Pourtant, on ne s'inquiète pas pour le compte en banque de Barbelivien, faiseur de tubes depuis quatre décennies. Il en reprend quelques-uns dans son nouvel album : « Mademoiselle chante le blues », de
Patricia Kaas, « Il tape sur des bambous », immortalisé par Philippe Lavil, « Elle m'oublie », classique de Johnny, ou encore ses deux premiers succès historiques en 1975 et 1976 : la « Michèle », de Gérard Lenorman, et la « Petite Fille du soleil », de Christophe. « C'était fascinant pour moi, j'avais 20 ans, et les deux chanteurs les plus populaires les enregistraient, alors que des éditeurs m'avaient d'abord jeté, me disant que j'étais nul et sans talent. » Et soudain Didier Barbelivien devenait le roi du pétrole. « Tout le monde me demandait. Un jour j'écrivais pour Daniel Guichard, le lendemain j'étais en studio avec Karen Cheryl et Michèle Torr. Je rentrais chez moi, et Johnny voulait des chansons. » Il en a signé plus de 2 000 comme cela dans les années 1970 et 1980.
Entendre Barbelivien se raconter, c'est replonger dans l'indécent âge d'or du disque, loin de la crise du CD. « On a fait les insolents avec l'argent. J'achetais des Mercedes, des pianos comme des pains au chocolat, cinq guitares d'un coup. Une fois, avec Christophe, on a débarqué chez Porsche. Il avait les biftons dans les poches, et a ouvert sa veste. Tous les billets sont tombés sur le bureau. On est repartis en quelques minutes avec une voiture. On faisait des bringues pas possibles, bourrés comme des cantines, jusqu'au petit matin. Et après on me prenait pour un auteur studieux de chansons. »
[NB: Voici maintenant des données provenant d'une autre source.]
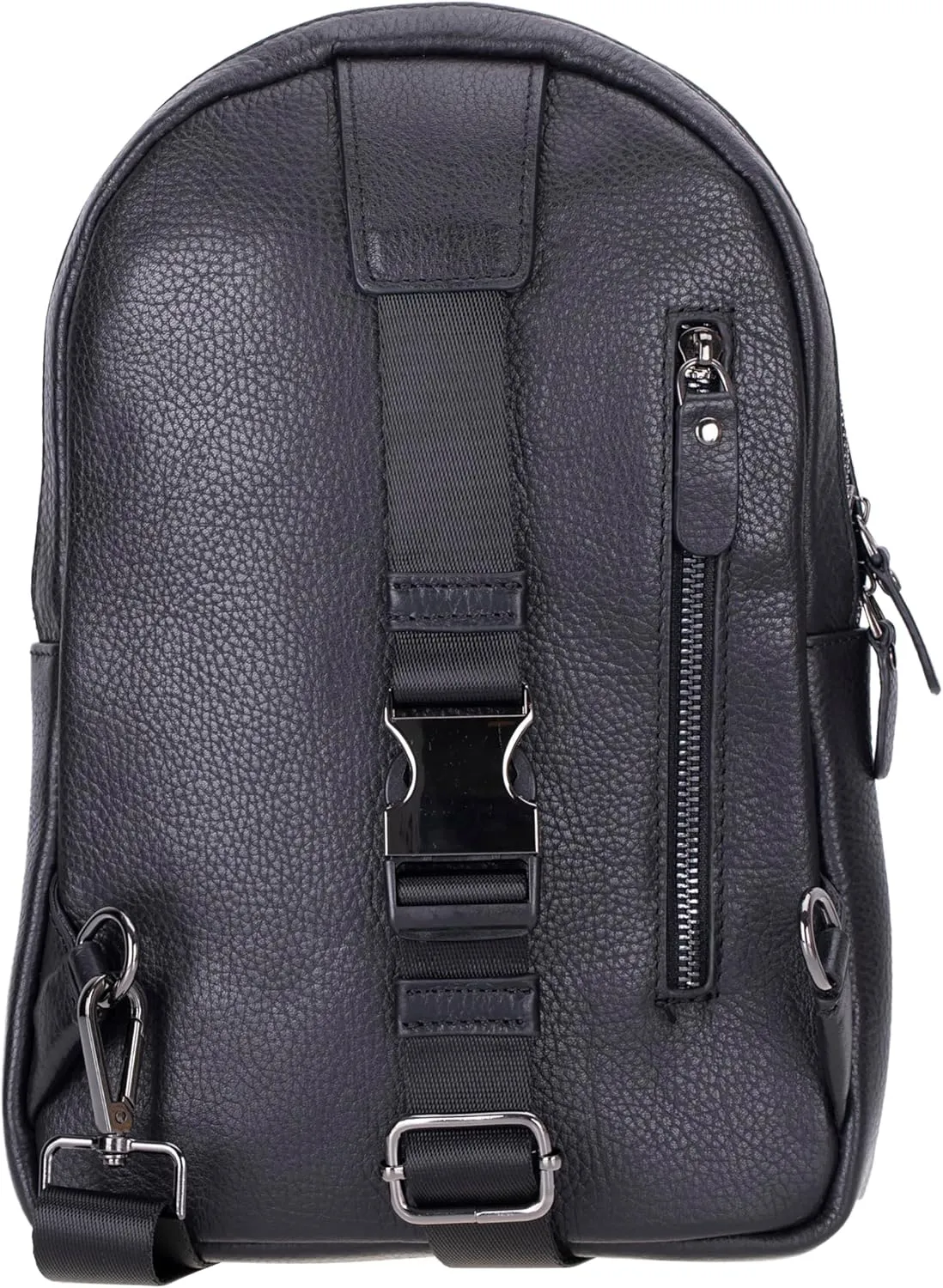 Crossbody Bag for Women, Adjustable Strap - Stylish Genuine Leather Front & Back Purse, Elegant Travel Bag (Pebble Black)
Aujourd'hui, Barbelivien n'aurait plus besoin d'en écrire. « Tous ces titres me rapportent encore beaucoup d'argent. Celle qui arrive en tête, de loin, c'est les Sunlights des tropiques, toujours diffusée dans les fêtes. Elle doit générer 100 000 € de droits d'auteur par an. » Il continue pourtant à travailler, pour le prochain Sardou l'an prochain, après avoir offert quelques titres à Sylvie Vartan pour son récent album. Des nouveaux morceaux que son ami président a beaucoup aimés. «
Nicolas Sarkozy a une curiosité incroyable pour la chanson et il écoute de tout. On le réduit au mec qui est fan de Barbelivien, Enrico Macias et Mireille Mathieu, mais il est plutôt du genre à me dire : Dis donc, t'as entendu le nouveau Calogero ? »
* Didier Barbelivien, « Atelier d'artistes », Sony, 15,99 €.